I'm in the process of separating from ex DH after a marriage of over 20 years. I'd been planning to spend time on my own to heal and work on myself but as it happens around 6 months ago I met a man online (I'll call him K), through a hobby group. He lives abroad.
I felt such chemistry with him and we get on really well. He is 50 and has only had around 3 girlfriends in the past, each for a year or so.
He is a really friendly, charismatic guy. He and I have not said we are in any sort of relationship, but we have been meeting up online approx every fortnight for a chat, in addition to meeting with the whole group.
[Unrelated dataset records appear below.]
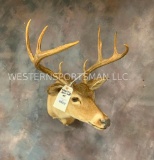 Whitetail Sh Mt TAXIDERMY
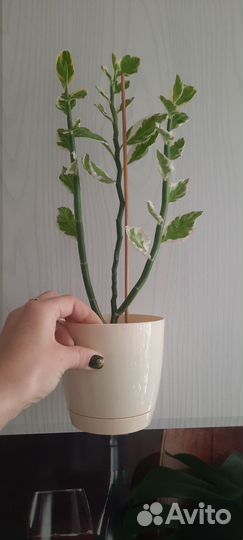 Педилантус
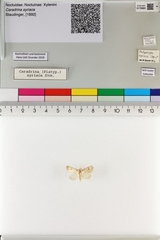 Caradrina syriaca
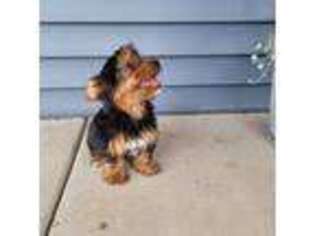 Yorkshire Terrier Puppy for sale in Arcola, IL, USA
I feel as though I really like him and I'm pretty sure the feeling is mutual.
A few weeks ago, one of the other group members happened to mention to me that K had bumped into a woman where he lived and thought she was really attractive and with amazing energy, and he felt like he was buzzing after having a chat with her. When I heard this, I felt really jealous. K emailed me, our usual friendly chat, and I didn't email him back for a week, whereas I would normally reply on the same day. I really regret this, but I was feeling very hurt. I then sent him a friendly email as usual a week later.
However, he picked up that there was something wrong, and realised that his friend had told me about the woman. He is now being a bit off with me and has said that he feels I'm getting too attached to him and it's pushing him away. He says he wants to be free to be who he is. He says that he doesn't like having a contract or labelling a relationship and prefers just to see how things flow.
He seems a bit annoyed about all this, but the problem is, we have not clarified anything - I feel insecure as I don't know if we are heading towards a relationship or what. I know I can get irrationally jealous, I think I have an anxious attachment style. But the problem is that this sort of non relationship is bringing out the worst in me as I don't know where I stand.
I don't know whether or not to apologise for ignoring his email for a week, and explain that I feel insecure about the situation. Or maybe that's too heavy?
Basically I know I have a lot to work on on myself, and to be honest I feel I need time on my own. But I do really like K and if it all ends with him, I would just want to do the right thing and apologise if necessary.
Sorry if this all seems a bit petty - it probably is, and I am overthinking it all, but I am feeling anxious about it!